Saved data entries
━━━━━━━━━━━━━━━━━━━━
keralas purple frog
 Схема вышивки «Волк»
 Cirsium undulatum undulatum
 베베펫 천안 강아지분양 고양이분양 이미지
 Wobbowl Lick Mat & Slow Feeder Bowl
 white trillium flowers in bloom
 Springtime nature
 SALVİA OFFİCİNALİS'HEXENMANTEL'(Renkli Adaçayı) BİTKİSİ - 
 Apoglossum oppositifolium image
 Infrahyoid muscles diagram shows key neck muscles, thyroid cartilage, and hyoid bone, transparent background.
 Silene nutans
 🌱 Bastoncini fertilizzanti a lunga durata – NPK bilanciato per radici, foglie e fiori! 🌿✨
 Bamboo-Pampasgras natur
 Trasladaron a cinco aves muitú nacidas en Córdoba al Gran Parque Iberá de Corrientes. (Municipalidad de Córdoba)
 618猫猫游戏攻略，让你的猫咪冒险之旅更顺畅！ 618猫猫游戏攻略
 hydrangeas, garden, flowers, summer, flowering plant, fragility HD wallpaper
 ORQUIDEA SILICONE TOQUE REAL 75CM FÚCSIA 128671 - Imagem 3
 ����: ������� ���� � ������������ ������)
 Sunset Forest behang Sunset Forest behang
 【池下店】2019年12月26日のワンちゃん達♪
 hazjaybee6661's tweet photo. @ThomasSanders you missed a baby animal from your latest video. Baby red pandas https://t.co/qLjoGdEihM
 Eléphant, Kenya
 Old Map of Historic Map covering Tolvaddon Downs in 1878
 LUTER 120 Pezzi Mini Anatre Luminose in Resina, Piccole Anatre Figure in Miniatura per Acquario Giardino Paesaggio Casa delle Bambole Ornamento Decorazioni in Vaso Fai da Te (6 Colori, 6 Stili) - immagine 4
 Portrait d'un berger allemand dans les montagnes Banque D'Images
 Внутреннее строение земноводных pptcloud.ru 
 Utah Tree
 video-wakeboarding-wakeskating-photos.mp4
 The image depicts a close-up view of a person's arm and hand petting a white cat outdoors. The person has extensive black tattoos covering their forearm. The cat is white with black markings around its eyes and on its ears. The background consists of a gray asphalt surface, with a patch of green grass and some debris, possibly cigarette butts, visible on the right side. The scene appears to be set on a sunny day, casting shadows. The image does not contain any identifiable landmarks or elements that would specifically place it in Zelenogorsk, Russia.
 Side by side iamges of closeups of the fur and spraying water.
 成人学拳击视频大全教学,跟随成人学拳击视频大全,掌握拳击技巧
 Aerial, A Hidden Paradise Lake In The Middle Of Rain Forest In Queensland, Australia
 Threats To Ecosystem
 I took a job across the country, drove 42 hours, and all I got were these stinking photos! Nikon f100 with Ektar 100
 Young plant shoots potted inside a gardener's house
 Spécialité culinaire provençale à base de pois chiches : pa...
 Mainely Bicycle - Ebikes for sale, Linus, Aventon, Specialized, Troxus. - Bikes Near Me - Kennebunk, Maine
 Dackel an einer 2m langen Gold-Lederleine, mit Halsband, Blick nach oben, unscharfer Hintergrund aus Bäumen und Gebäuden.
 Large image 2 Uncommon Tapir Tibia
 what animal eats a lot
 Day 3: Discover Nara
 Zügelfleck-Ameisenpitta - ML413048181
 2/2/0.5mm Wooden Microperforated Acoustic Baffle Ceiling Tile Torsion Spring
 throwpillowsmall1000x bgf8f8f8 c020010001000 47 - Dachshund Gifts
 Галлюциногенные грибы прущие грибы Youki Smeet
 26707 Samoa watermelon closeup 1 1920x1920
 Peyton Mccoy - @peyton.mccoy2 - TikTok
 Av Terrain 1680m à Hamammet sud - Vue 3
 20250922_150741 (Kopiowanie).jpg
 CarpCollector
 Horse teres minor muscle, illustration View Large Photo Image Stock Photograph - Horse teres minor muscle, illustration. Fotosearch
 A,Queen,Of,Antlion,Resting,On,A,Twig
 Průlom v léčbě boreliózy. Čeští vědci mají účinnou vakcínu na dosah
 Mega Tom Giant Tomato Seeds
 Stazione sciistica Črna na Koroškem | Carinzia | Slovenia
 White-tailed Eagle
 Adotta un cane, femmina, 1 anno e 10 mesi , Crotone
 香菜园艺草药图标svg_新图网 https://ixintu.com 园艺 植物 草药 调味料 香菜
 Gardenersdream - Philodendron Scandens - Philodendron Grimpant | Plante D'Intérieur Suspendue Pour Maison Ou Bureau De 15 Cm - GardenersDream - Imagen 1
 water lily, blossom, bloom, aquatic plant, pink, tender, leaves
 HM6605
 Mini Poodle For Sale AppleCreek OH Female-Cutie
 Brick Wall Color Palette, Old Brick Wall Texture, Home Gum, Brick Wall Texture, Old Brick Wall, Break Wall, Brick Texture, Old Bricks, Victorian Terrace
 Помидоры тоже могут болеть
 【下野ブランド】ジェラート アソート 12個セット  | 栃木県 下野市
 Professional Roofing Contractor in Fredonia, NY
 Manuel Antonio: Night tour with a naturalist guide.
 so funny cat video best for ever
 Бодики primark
━━━━━━━━━━━━━━━━━━━━
Using the data above, reproduce exactly the lines between those holding "Large image 2 Uncommon Tapir Tibia" and "CarpCollector", inclusive, and no others.

 Large image 2 Uncommon Tapir Tibia
 what animal eats a lot
 Day 3: Discover Nara
 Zügelfleck-Ameisenpitta - ML413048181
 2/2/0.5mm Wooden Microperforated Acoustic Baffle Ceiling Tile Torsion Spring
 throwpillowsmall1000x bgf8f8f8 c020010001000 47 - Dachshund Gifts
 Галлюциногенные грибы прущие грибы Youki Smeet
 26707 Samoa watermelon closeup 1 1920x1920
 Peyton Mccoy - @peyton.mccoy2 - TikTok
 Av Terrain 1680m à Hamammet sud - Vue 3
 20250922_150741 (Kopiowanie).jpg
 CarpCollector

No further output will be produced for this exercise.